Layout: plain Stripes: 1 Blocksize: 4k LayoutId: 00100002 Redundancy: d0::t1 
  #Rep: 2
TapeID: 4294967296 StorageClass: single
┌───┬──────┬────────────────────────┬────────────────┬────────────────┬──────────┬──────────────┬────────────┬────────┬────────────────────────┐
│no.│ fs-id│                    host│      schedgroup│            path│      boot│  configstatus│       drain│  active│                  geotag│
└───┴──────┴────────────────────────┴────────────────┴────────────────┴──────────┴──────────────┴────────────┴────────┴────────────────────────┘
 0    65535                localhost           tape.0  /does_not_exist                       off      nodrain  offline

The status of the file can be checked with eos ls -y, xrdfs stat or xrdfs query prepare.

How failures are handled before and after the archive request is queued¶

Up until the point where the archive request is queued, failures are synchronous and are reported immediately to the client. The file will be deleted from the EOS disk cache, to ensure that the disk buffer does not fill up with failed transfers, and to allow the client to retry.

If there is a failure during CREATE, no file is written and the MGM will delete the file metadata from the EOS namespace.

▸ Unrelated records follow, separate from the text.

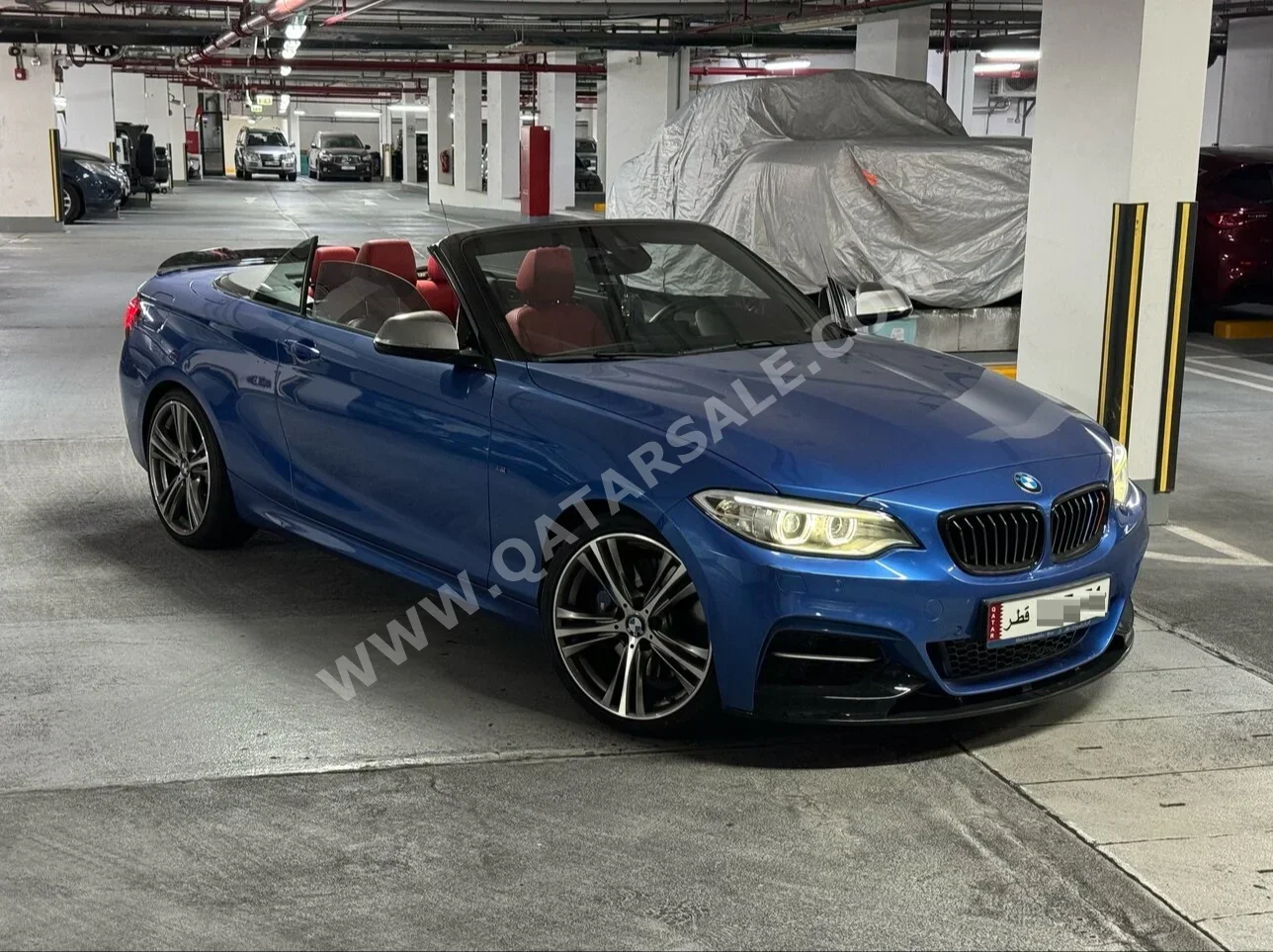 BMW  M-Series  235 i  2016  Tiptronic  50,000 Km  6 Cylinder  Rear Wheel Drive (RWD)  Convertible  Blue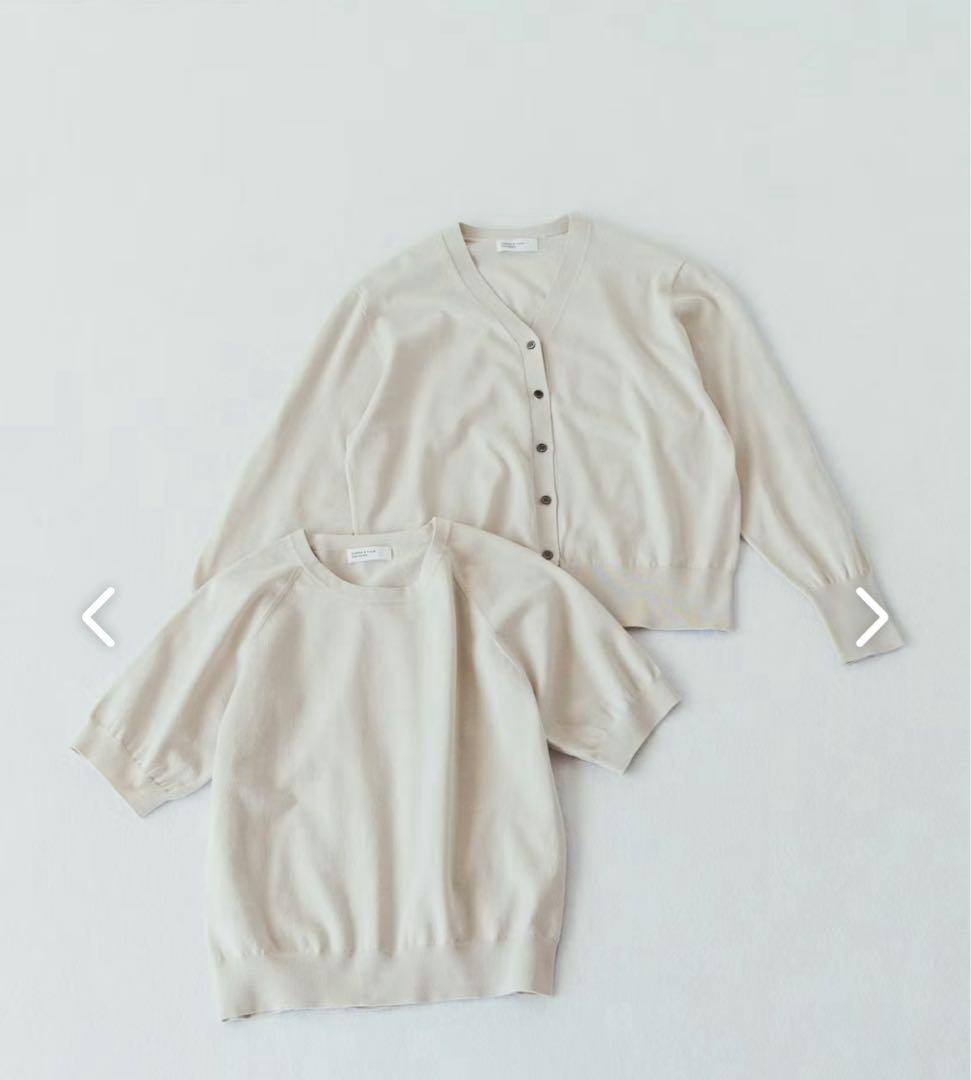 北欧暮らしの雑貨店 「カジュアルから、きちんとまで」アンサンブルニット　ベージュ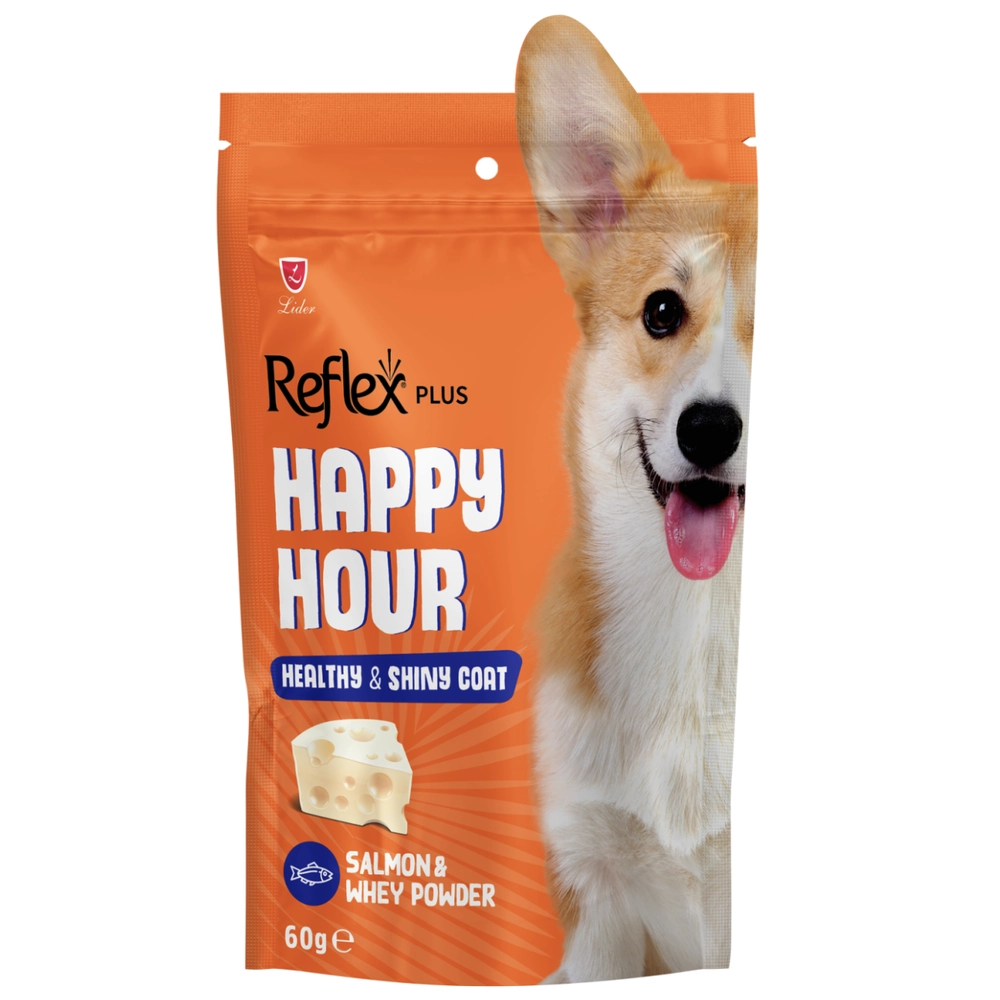 Reflex Plus Happy Hour Healthy & Shiny Coat Salmon & Whey Powder 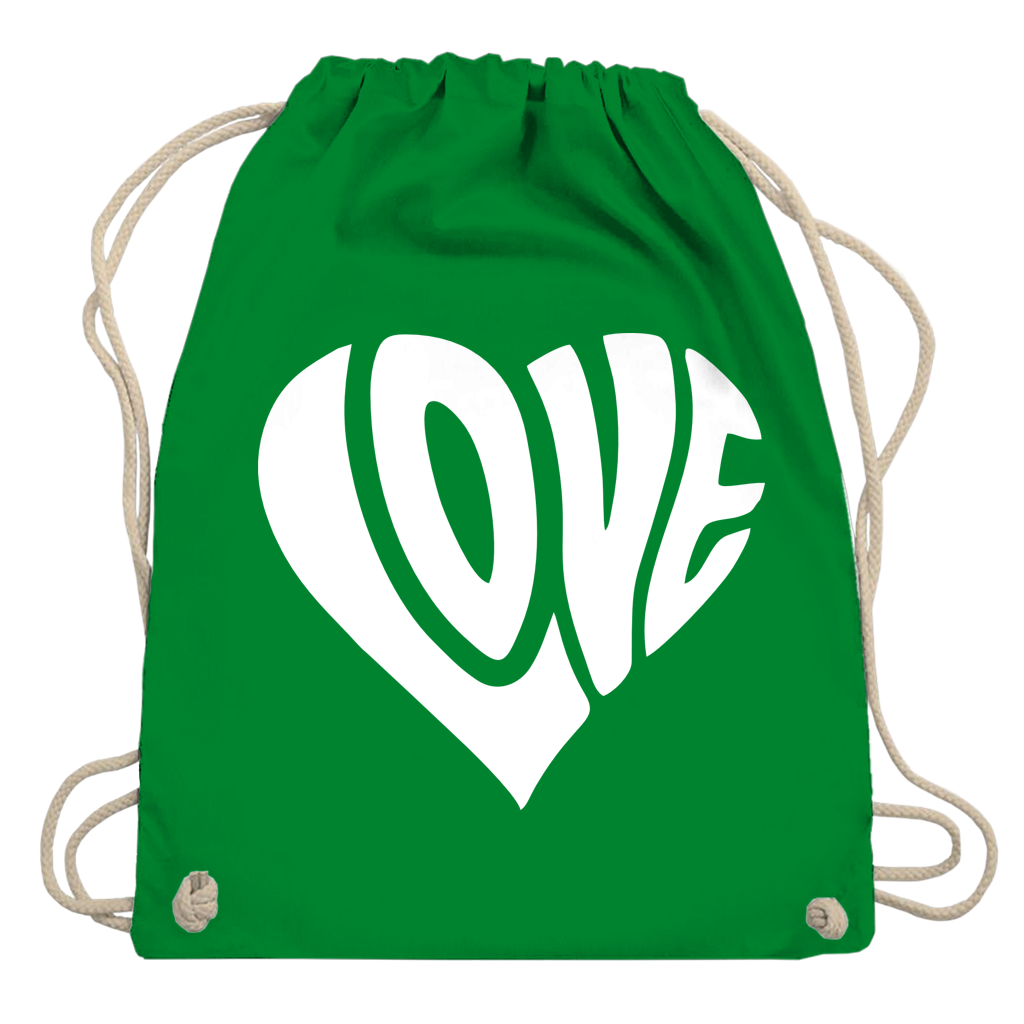 Turnbeutel Herz Love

If there is a failure while writing the file to the EOS disk buffer, the FST will delete the file and the CLOSEW event will not be executed. The FST will also delete the file if there is a failure during the processing of the CLOSEW event in the CTA Frontend.

After the request has been queued, failures in the archival process are asynchronous. The client must poll the status of the file to determine if an error has occurred. This is typically done with xrdfs query prepare, which can query the status of many files at once. Another possibility is to use stat and eos attr ls to check files one-at-a-time.

If there is a failure on the CTA side (cannot authenticate to EOS or read the file, cannot mount a tape, tape write error, ...), the CTA Tape Server will retry six times in total (three times per mount session over two separate mounts). At the end of six attempts, the archive request is sent to the failed requests queue in the Object Store and the Tape Server calls back EOS with the archive_failed.default workflow event.

When EOS receives the archive_failed.default event, the MGM updates the file metadata with the error message, in the extended attribute sys.archive.error. The file is left in the disk cache to allow an operator to investigate and possibly resubmit the archive request manually.

Failed requests will remain in the queue until removed by an administrator. The queue can be inspected using cta-admin failedrequest ls. The script cta-send-event.sh can be used to resubmit failed archive or retrieve requests. Failed requests can be deleted using cta-admin failedrequest rm.